Wiadomo było, że po takiej lekcji taktyki piloci nie będą mieli ochoty na rozgrywki przedstartowe i łatwiej będzie wybrać dogodny moment odlotu na trasę. Klasa 15- metrowa pierwsza wzniosła sie w powietrze. Piętrzyło się sporo chmur, więc z obawy przed burzami bractwo nie oglądało się na rywali. Sebastian ze swymi partnerami mogli więc spokojnie przeczekać , aż odpłynie korowód, by uniknąć utrudnień latania w dużych rojach. W klasie 18- metrowej Łukasz Wójcik zachęcił Karola Staryszaka – „możemy odpuścić Cheetamowi tę minutę, a gdy będzie więcej zwlekał to nas nie zobaczy” i swym odlotem dali sygnał do pospolitego ruszenia. Stanowią doskonałą parę , więc przy dobrych warunkach mogli liczyć na to ,że zdołąją uciec przed peletonem. I tak było.Brytyjczyk Cheetam zajmował trzecią pozycję w za naszą parą. Opóźnił swój odlot zbyt długo i na tym stracił.Karolowi i Łukaszowi też poprawił się sen. Pogoda ułożyła się tak jak podpowiadała mi lotnicza intuicja. Burz nie było a rozległe obszary zacienione grubymi ławicami altocumulasów na współczesnych szybowcach można było obejść bez większych kłopotów , a ogromna łacha, kryjąca obszar między Lesznem a Ostrowem zdążyła wyschnąć kwadrans przed zbiżeniem się w ten rejon kawalkady szybowców. Takie wyraziste warunki lubi Sebastian, więc „wrzucił szóstkę” i w samotnym rajdzie przebił się a czoło peletonu. Zwycięstwo ze średnią prędkości 129 km/h na dystansie 313 km dało mu tylko 771 punktów, bo 1000 punktów pryznaje się dopiera przy premiowaniu wyścigów trwających dłużej niż 3 godziny, ale dorzuciło kolejną garstkę punktów na umocnienie pozycji i poprawę samopoczucia.

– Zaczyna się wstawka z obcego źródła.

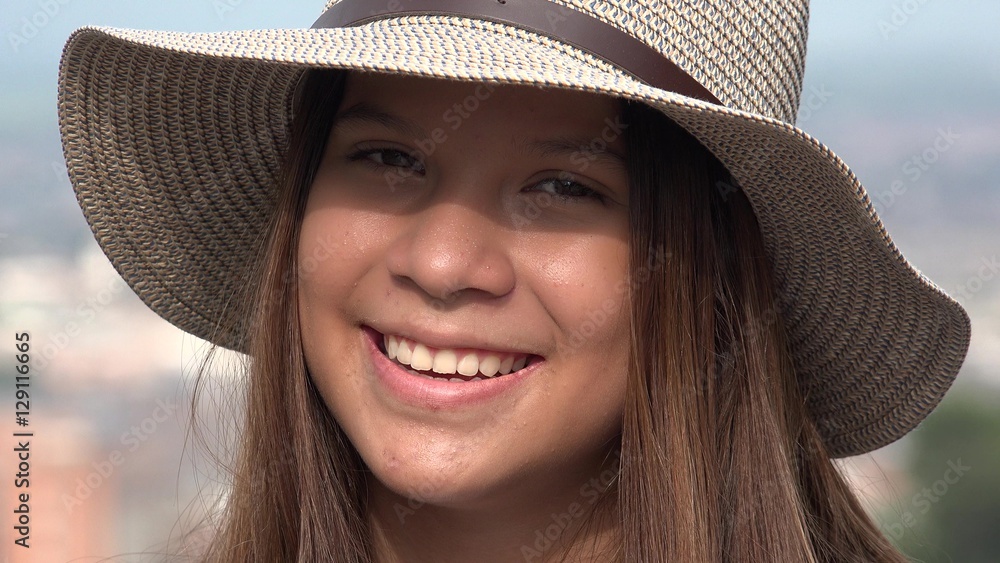 Pretty Teen Girl Smiling Pretty Teen Girl Smiling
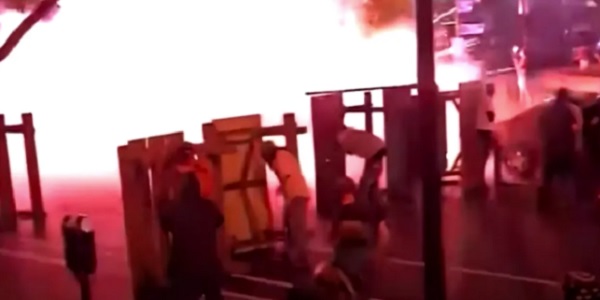 House Democrats block resolution condemning rioting and
looting 1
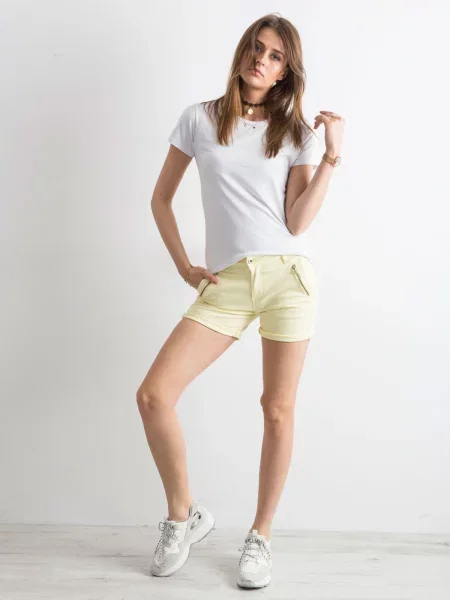 Kratke jeans hlače Fashionhunters rumena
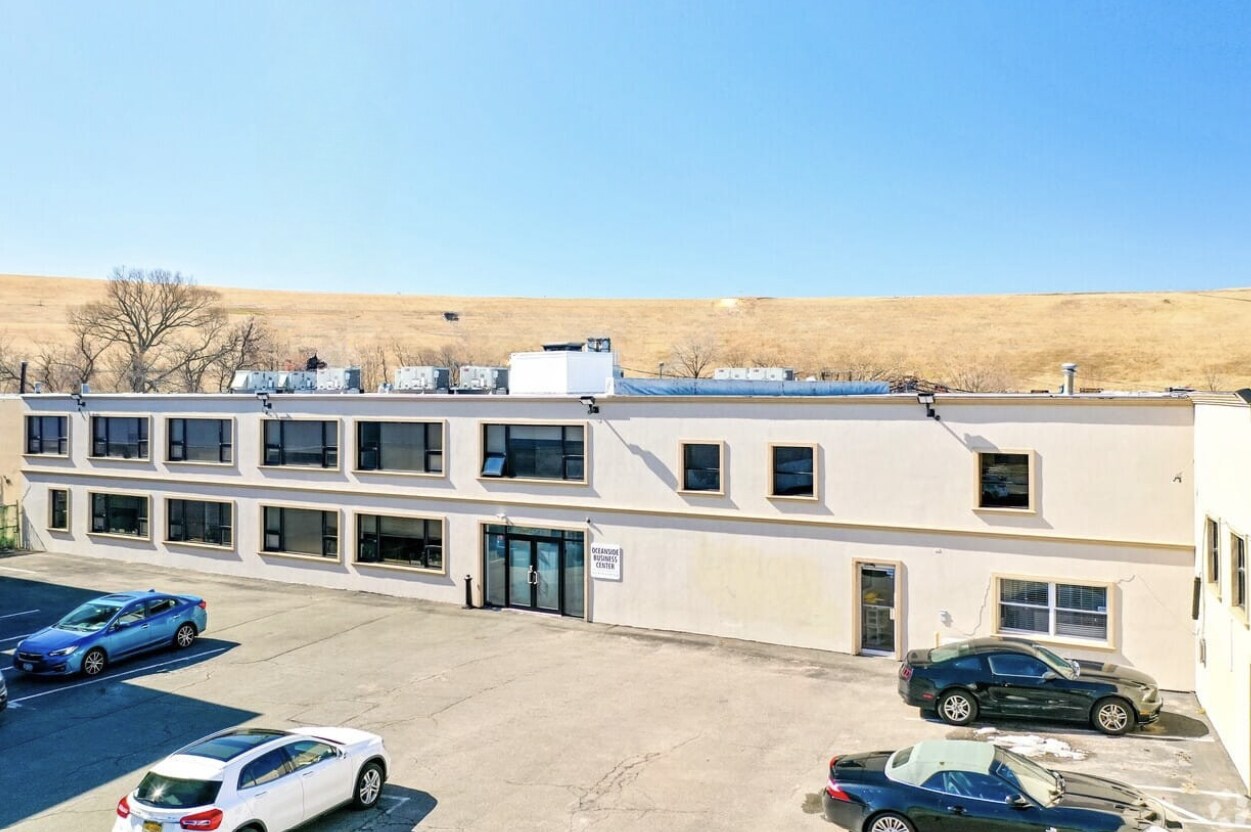 3678 W Oceanside Rd, Oceanside, NY à louer Photo principale– Image 1 sur 7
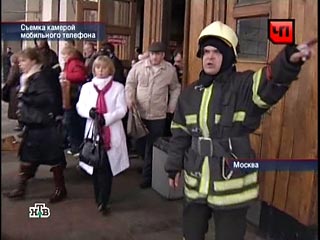 После взрывов, прогремевших в московской подземке 29 марта, спасателям и милиционерам было трудно попадать в метро из-за турникетов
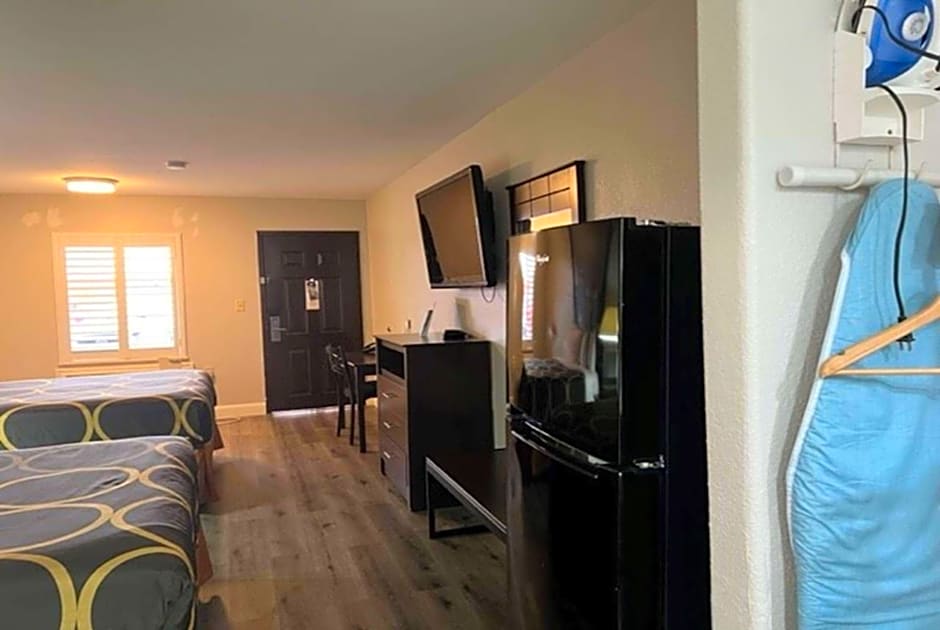 Super 8 by Wyndham Baytown/Mont Belvieu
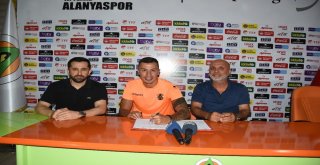 Alanyaspor, 6 Transferin 5İni Bonservissiz Gerçekleştirdi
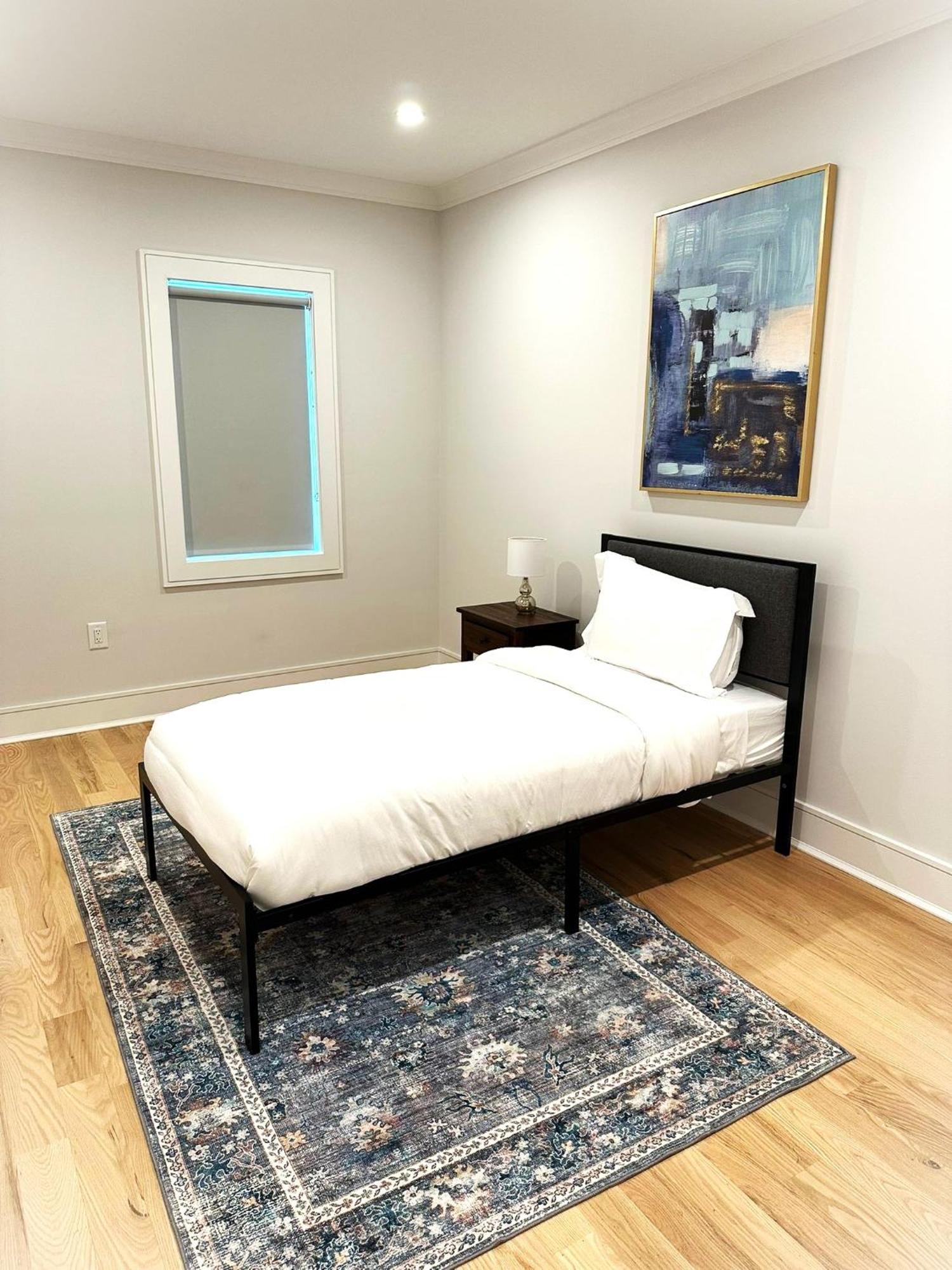 Huge 2000 Sqft Luxury & Stylish Minutes To New York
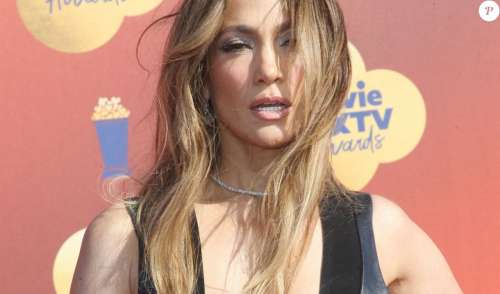 Jennifer Lopez plus diva que jamais... et furieuse de devoir partager le Super Bowl avec Shakira !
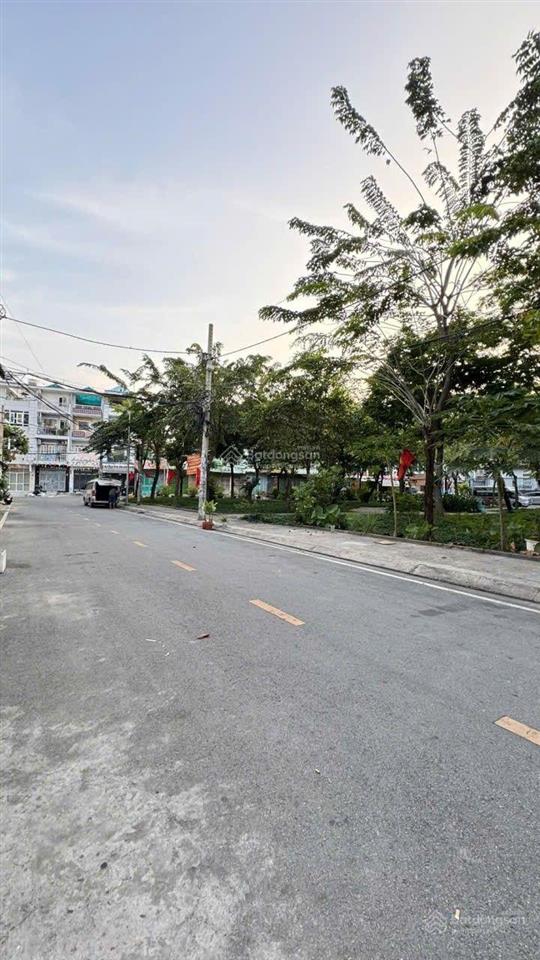 Mặt tiền bình phú q6 view công viên, 48m2, 4 tầng, đường 16m, giá 7.9 tỷ bớt lộc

Co przyniesie najbliższy czas okaże się już za dwa dni.TK
Dodano: 08.08.2014Przez: Waldemar
Mało mamy sukcesów polskich sportowców więc każde zwyciezstwo bardzo cieszy. Tym bardziej jesli jest tak okazałe jak Sebastiana w 8 konkurencji. Trzymam kciuki za utrzymanie przewagi do końca mistrzostw.
Dodano: 09.08.2014Przez: Krzysztof (Kris) Burzynski
Gratulacje i pozdrowienia, burza
Dodano: 09.08.2014Przez: Henryk Doruch
GRATULACJE !
Dodano: 10.08.2014Przez: W.G. Łopoń
Gratuluję kolejnego złotego medalu Mistrzostw Świata.
Dodano: 10.08.2014Przez: Henryk Doruch
-szkoda tylko,ze tak NIEWIELU robi tak wiele!